Task requirements: Here the job is to transcribe only the lines from the one containing "CoworkIntel-andcards integration" through the last line below, exactly as written; please leave out pictures.

Dataset excerpt:
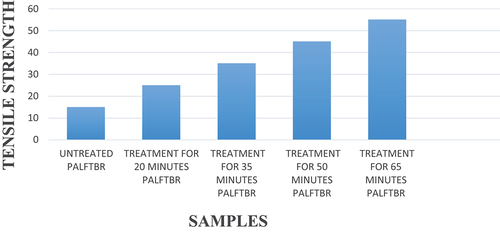 Figure 9. Tensile strength of acetylation-treated PALF reinforced with TBR.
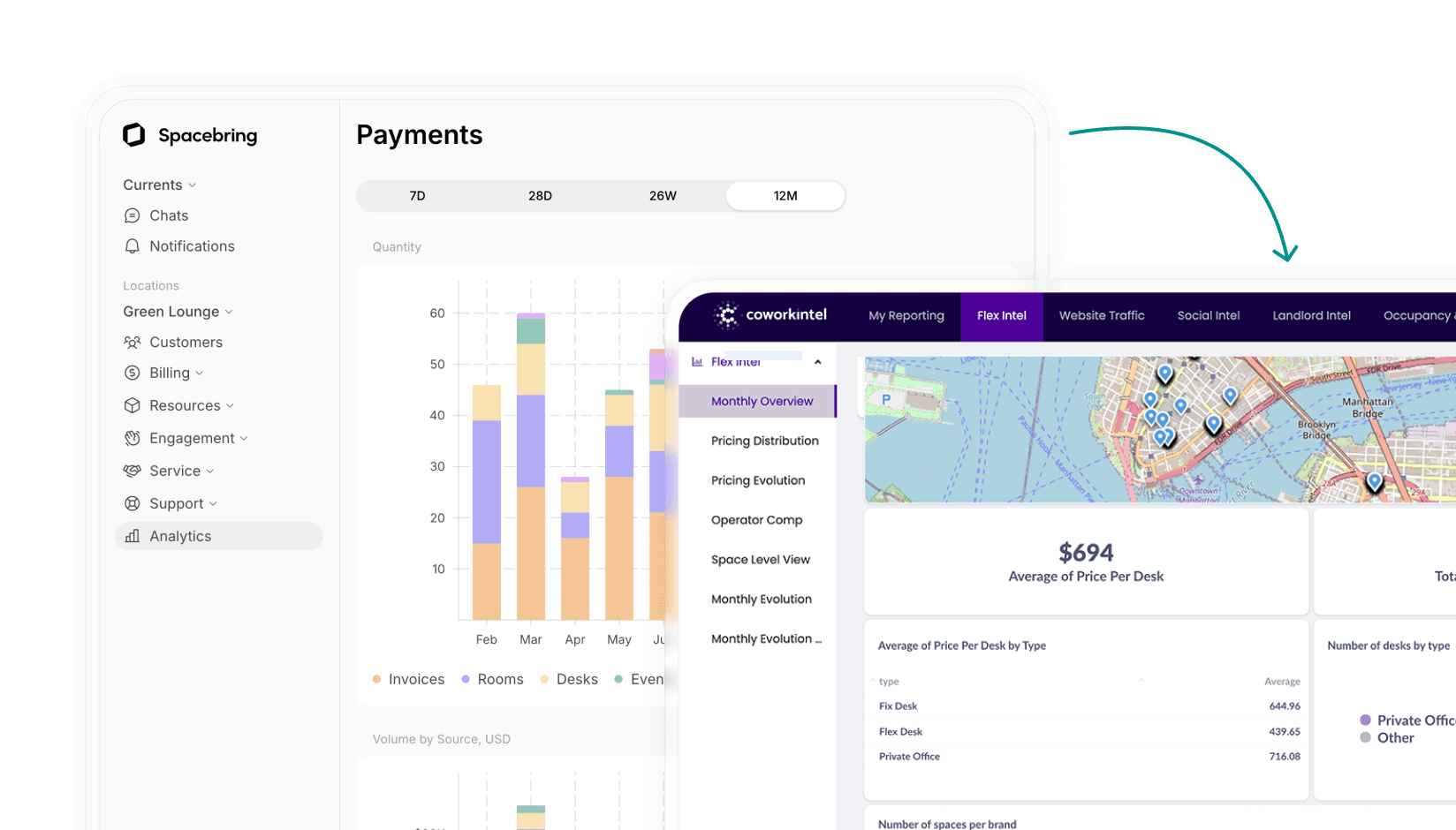 CoworkIntel-andcards integration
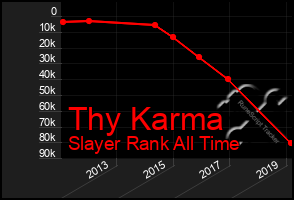 Total Graph of Thy Karma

Solution:
 CoworkIntel-andcards integration
 Total Graph of Thy Karma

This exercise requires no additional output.